EXERCISE DIRECTIONS: Reproduce the listing in full. Omit the pictures.

DATA SHOWN:
##############################
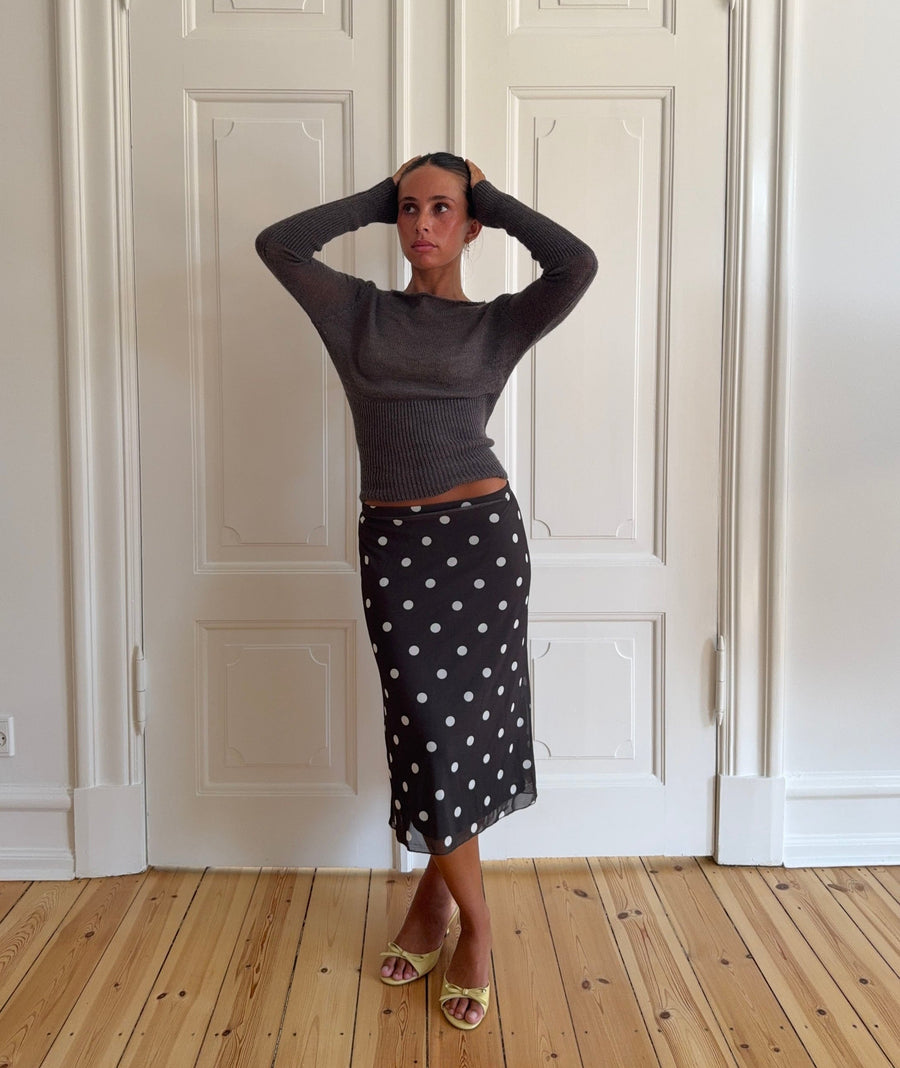 Mesh skirt with polka dots – Black/White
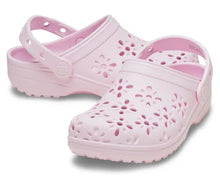 Load image into Gallery viewer, Crocs Classic Floral Cut Out Toddler Clogs (C4-C10) - Pink Milk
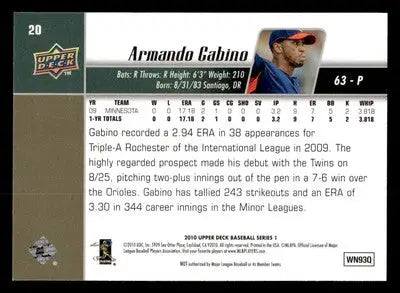 2010 Upper Deck #20 Armando Gabino - Baseball Card Single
##############################
TASK ANSWER:
 Mesh skirt with polka dots – Black/White
 Load image into Gallery viewer, Crocs Classic Floral Cut Out Toddler Clogs (C4-C10) - Pink Milk
 2010 Upper Deck #20 Armando Gabino - Baseball Card Single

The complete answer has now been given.